===== Input data

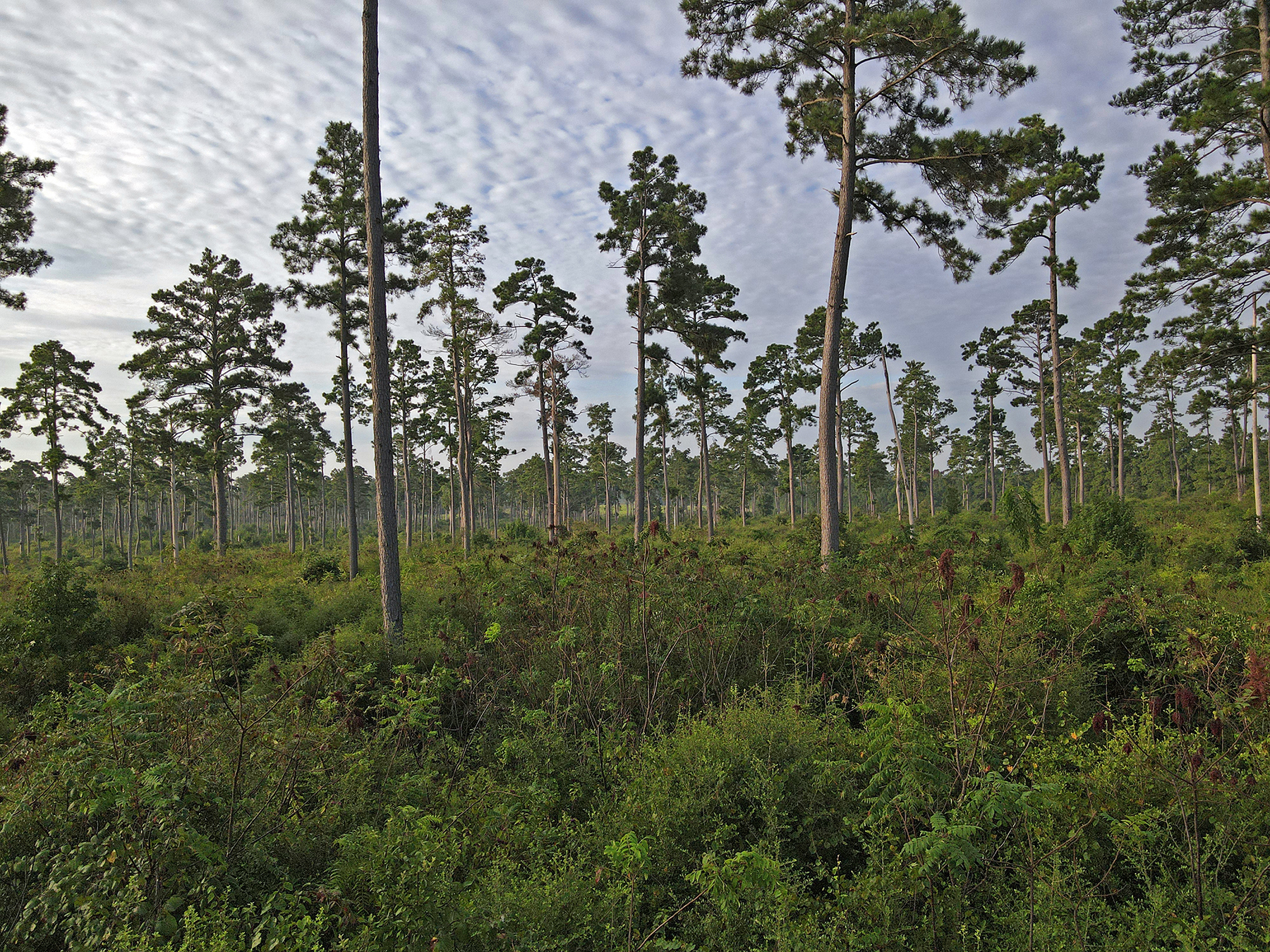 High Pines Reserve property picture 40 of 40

==========
===== Input data

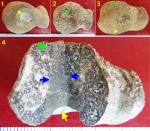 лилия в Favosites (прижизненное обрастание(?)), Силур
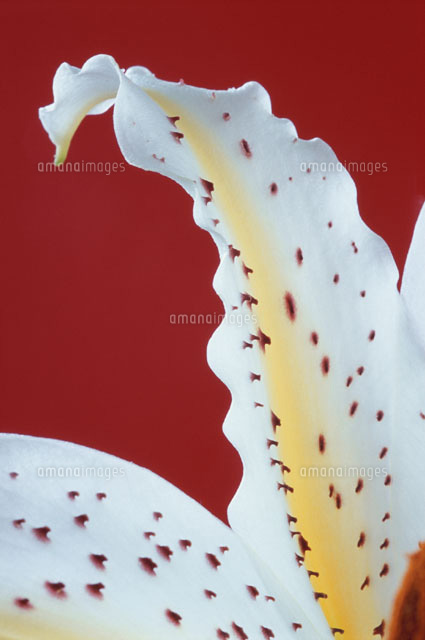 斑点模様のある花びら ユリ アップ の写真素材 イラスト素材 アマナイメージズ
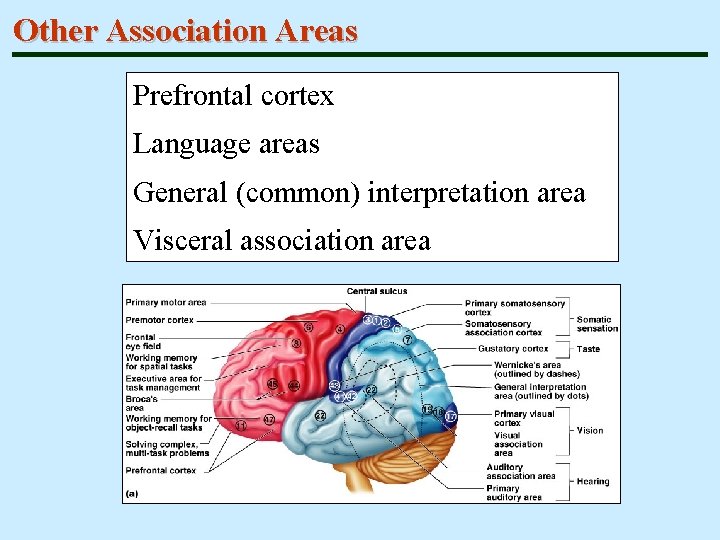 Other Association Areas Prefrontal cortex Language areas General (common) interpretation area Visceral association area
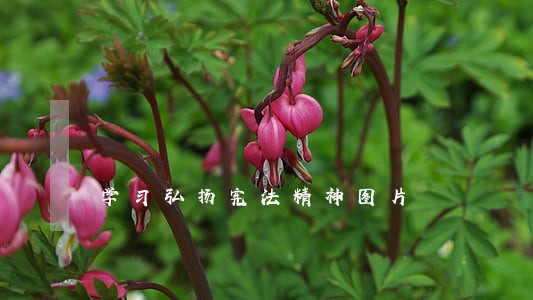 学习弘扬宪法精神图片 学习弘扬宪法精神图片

==========

What you are asked to do: Reproduce the lines above beginning at the line that contains "лилия в Favosites" and ending at the line that contains "学习弘扬宪法精神图片 学习弘扬宪法精神图片". No pictures.

Output for this exercise:
 лилия в Favosites (прижизненное обрастание(?)), Силур
 斑点模様のある花びら ユリ アップ の写真素材 イラスト素材 アマナイメージズ
 Other Association Areas Prefrontal cortex Language areas General (common) interpretation area Visceral association area
 学习弘扬宪法精神图片 学习弘扬宪法精神图片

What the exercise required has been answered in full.